Майор Телия ждет нас. Он предлагает осмотреть оборону полка.
Я оглядываюсь вокруг. Площадка, на которой мы находимся, походит на букву «Т». Сейчас мы — у основания ее.
К востоку хребет постепенно сужается и уходит нешироким гребнем в сторону горы Марух-Баши. Рядом с ней покрытая снегом гора Кара-Кай. С западной стороны от перевала идут серые каменные террасы, образующие труднопроходимое нагромождение.
Севернее на двух высотках перед перевалом в боевом охранении стоит рота. Подразделения полка расположились за камнями.
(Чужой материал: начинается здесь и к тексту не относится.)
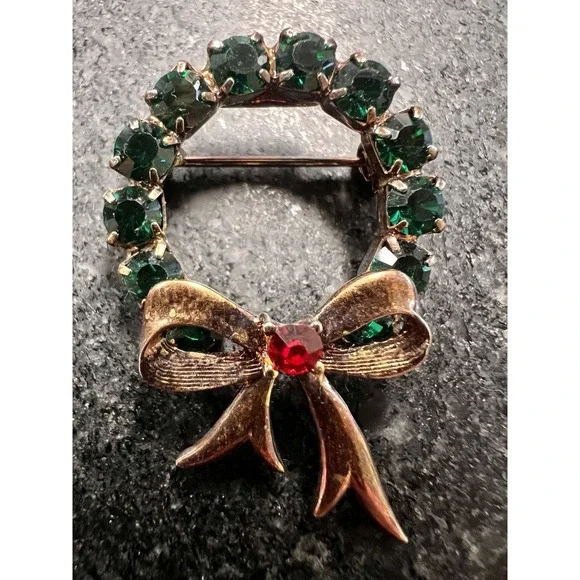 VTG Eisenberg Ice Xmas Wreath Goldtone Green‎ Red Glass Rhinestone 1
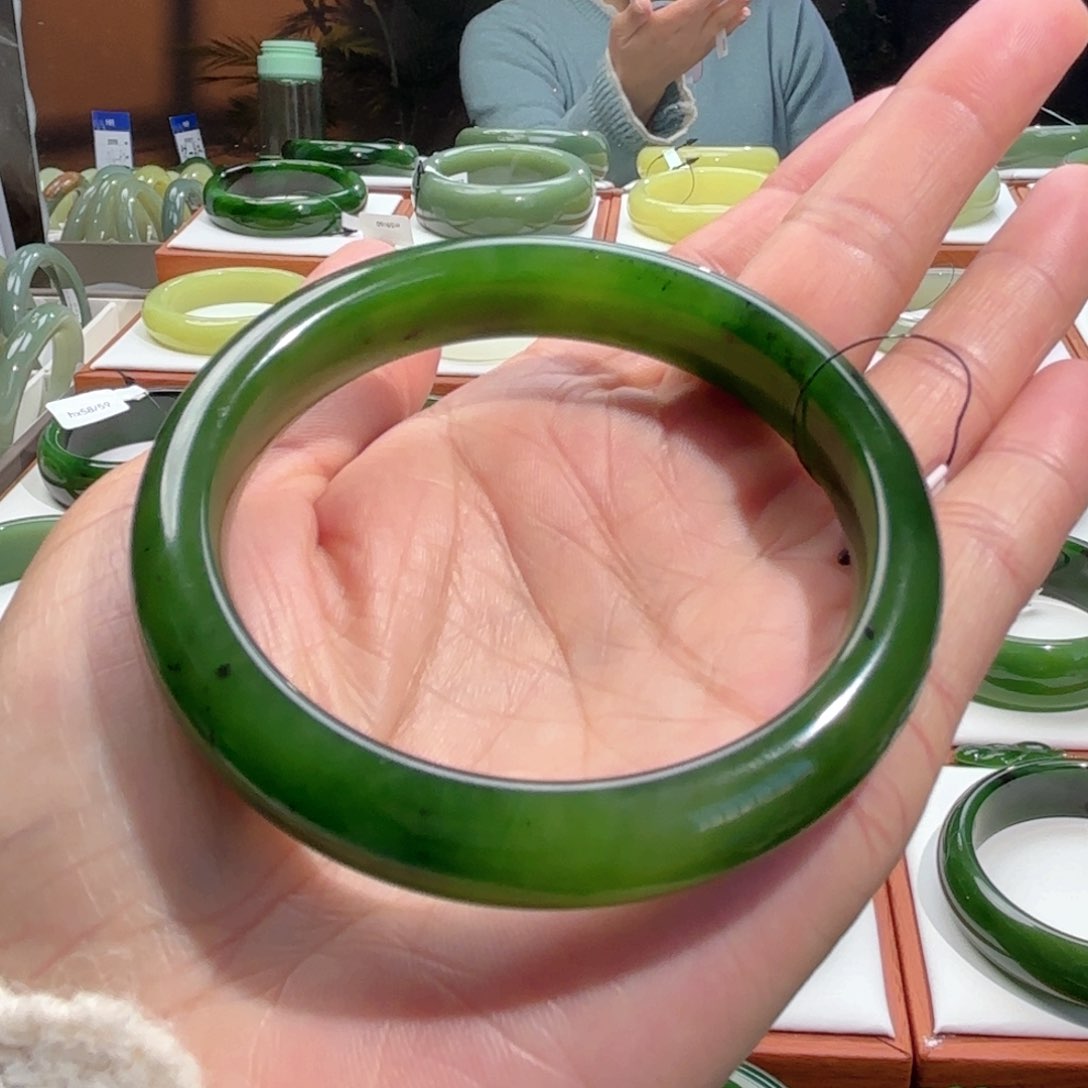 和田玉（碧玉）手镯未镶嵌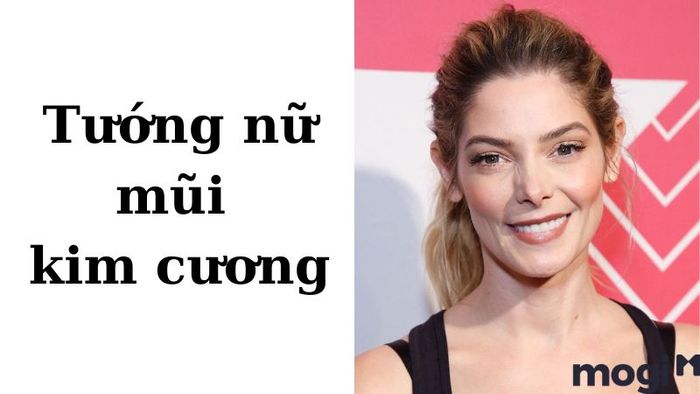 Tướng mũi kim cương biểu thị rằng nửa sau của tuổi 40 sẽ mang lại cho bạn những cơ hội mạnh mẽ hơn nửa đầu. Đặc biệt là về sự nghiệp và cuộc sống cá nhân, bạn sẽ có nhiều bước tiến. Tuy nhiên, mũi hình kim cương cũng thể hiện tính tò mò và khao khát khám phá những điều mới, nhưng đôi khi bạn cũng có thể dễ dàng can thiệp vào công việc của người khác.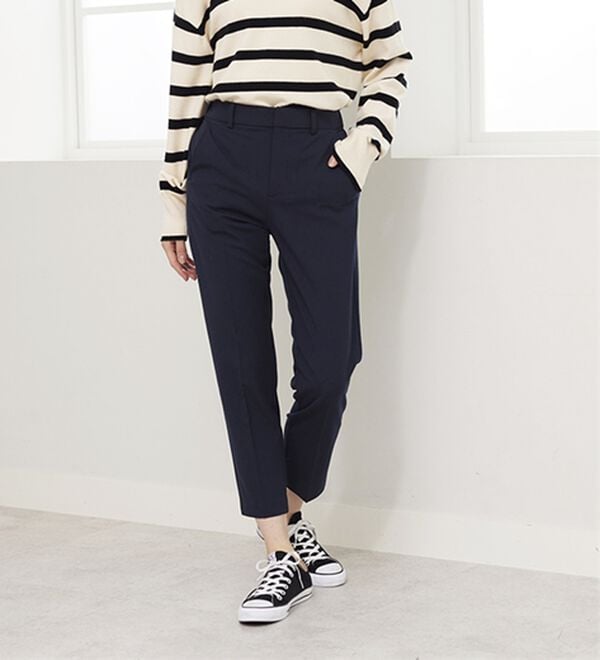 BELLUNA（ベルーナ）の「サマ見え！美脚テーパードパンツ（テーパードパンツ）」｜ネイビー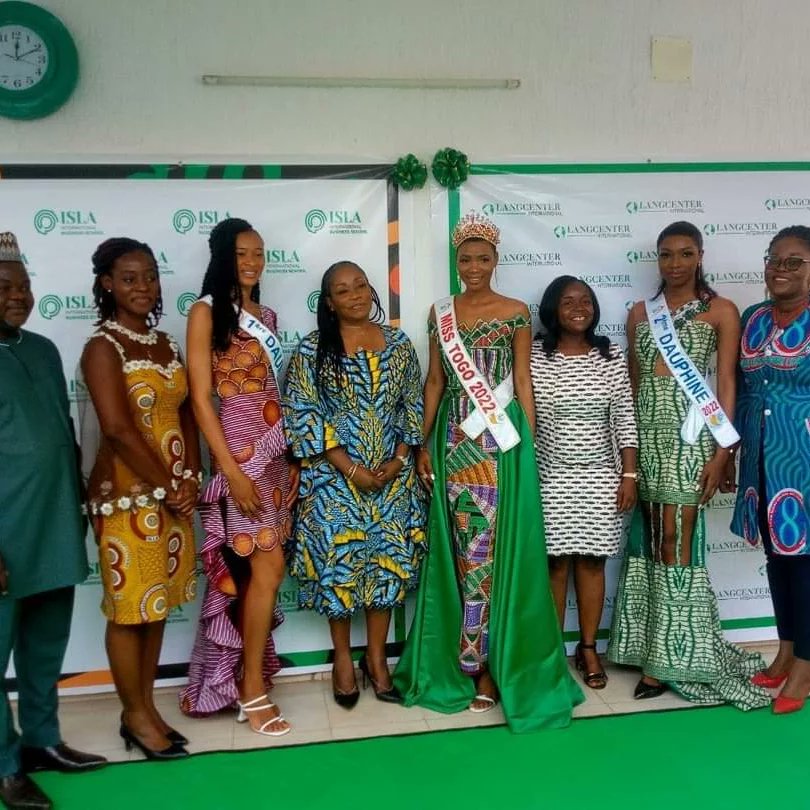 yaoamuama's tweet photo. Le 8 Mars nous avions eu l'honneur d'être invité à une conférence qui s'est tenue à ISLA-Langcenter International TOGO sous le thème "Femmes et Finance:quel leadership?" Merci à  ISLA - Langcenter International TOGO pour l'invitation et pour les bourses d'études.
#8march https://t.co/ZVogQaxwqX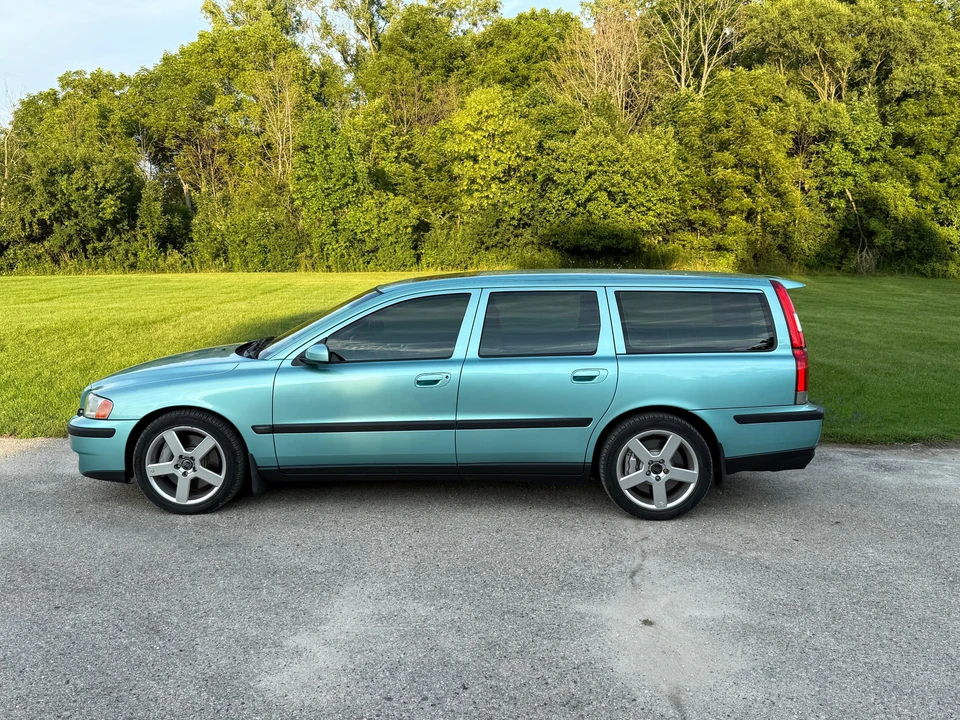 2004 Volvo V70 R 2nd Gen - Image 8 of 31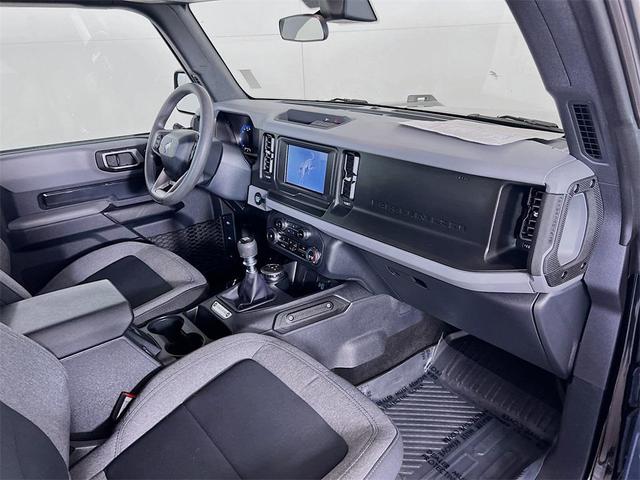 Photo of 2023 Shadow Black Ford Bronco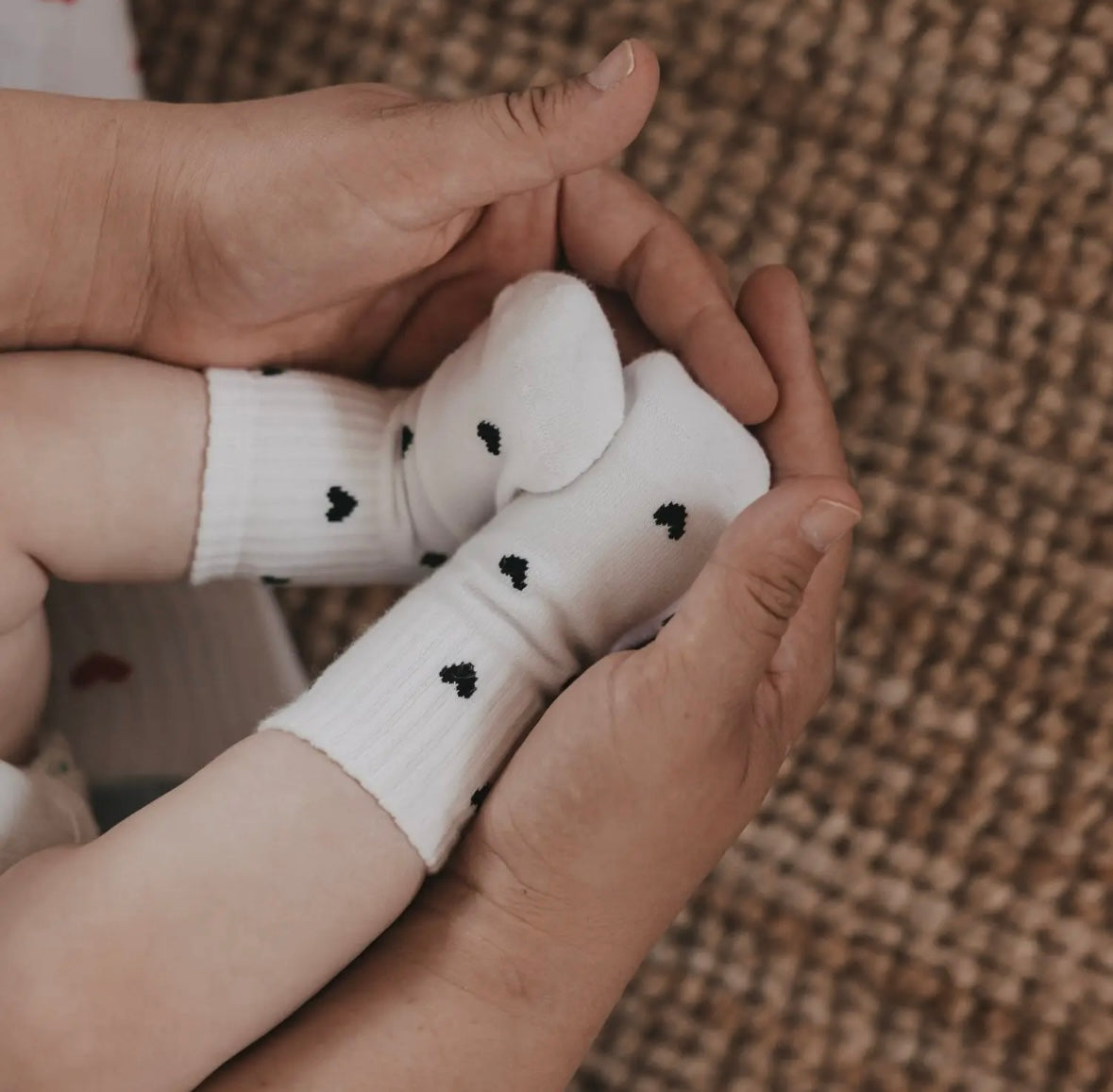 Chaussettes bébé cœurs noirs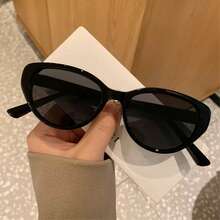 Women's Fashionable Glasses High-End Retro Modern Cat Eye - Clear - View 21
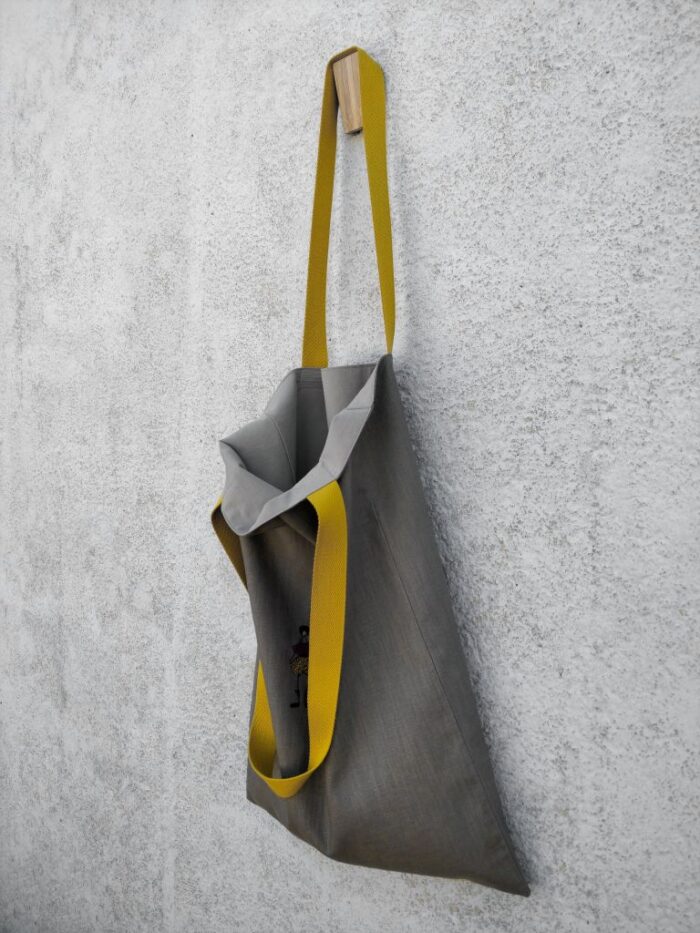 Sac en lin gris avec broderie main et doublure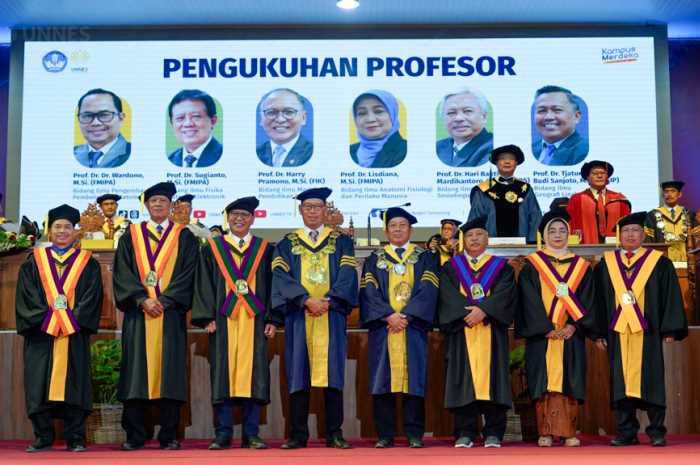 Unnes melantik enam profesor baru di auditorium Prof Wuryanto, Rabu (18/10).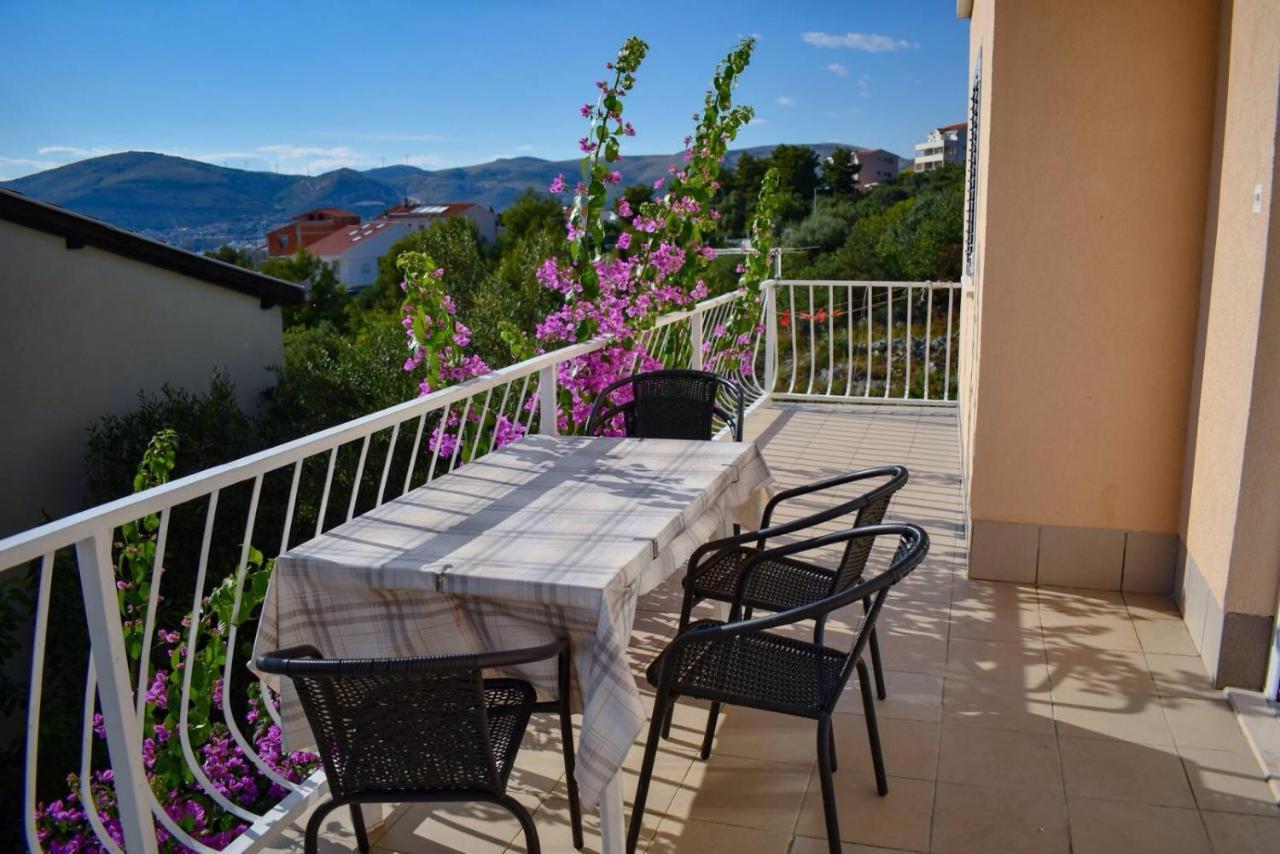 Apartment Ankica Trogir Exterior foto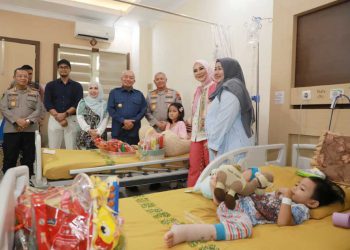 Gubernur H Muhidin dan Istri Dampingi Proses Pemulihan Adell dan Jailani di RS Bhayangkara Banjarmasin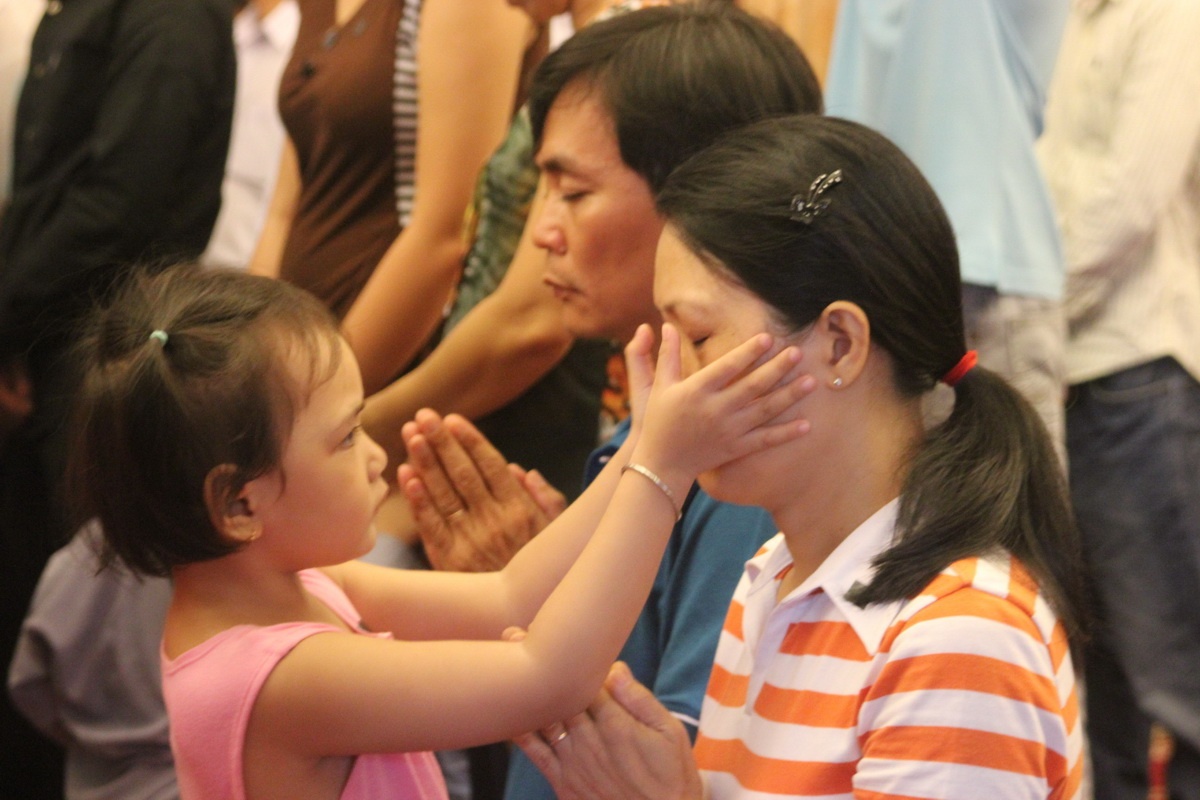 Em be 4 tuoi lau nuoc mat cho me tai le tang Dai tuong hinh anh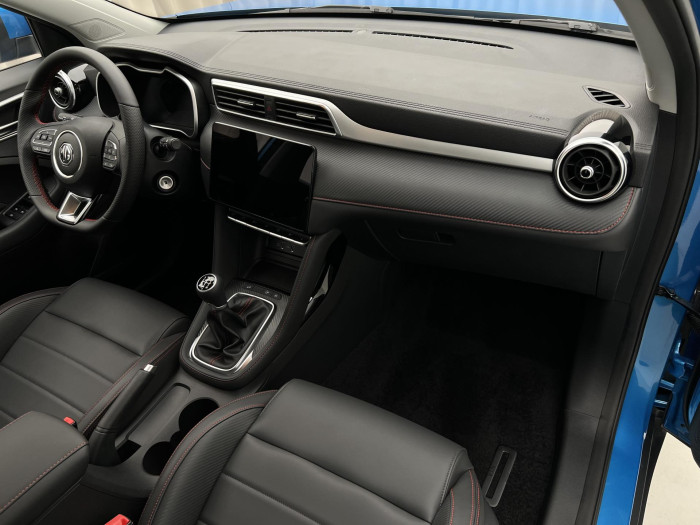 MG ZS EMOTION PLUS 1.5DVVT MAN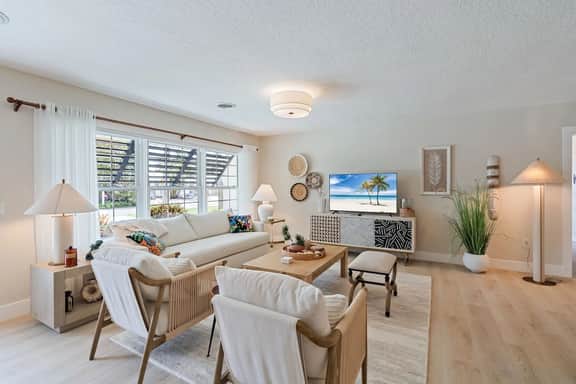 Island Charm - Image 5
Камни — хорошее укрытие от пуль, но ночью они остывают и лежать на них неприятно.
На площадке — сложенная из камней избушка.
— Здесь мой штаб, — доложил Телия.
Избушка без дверей и крыши. В стенах зияет множество больших и малых дыр. Столом, сиденьями и местом для сна служат обтесанные камни.
С северной стороны площадки перед нами открылась величественная картина. Здесь и там, по всем направлениям, протянулись высокие отроги гор. Многие покрыты голубыми языками ледников. Вершины разделяют глубокие ущелья-теснины. Все это с высоты перевала выглядит гигантским лабиринтом.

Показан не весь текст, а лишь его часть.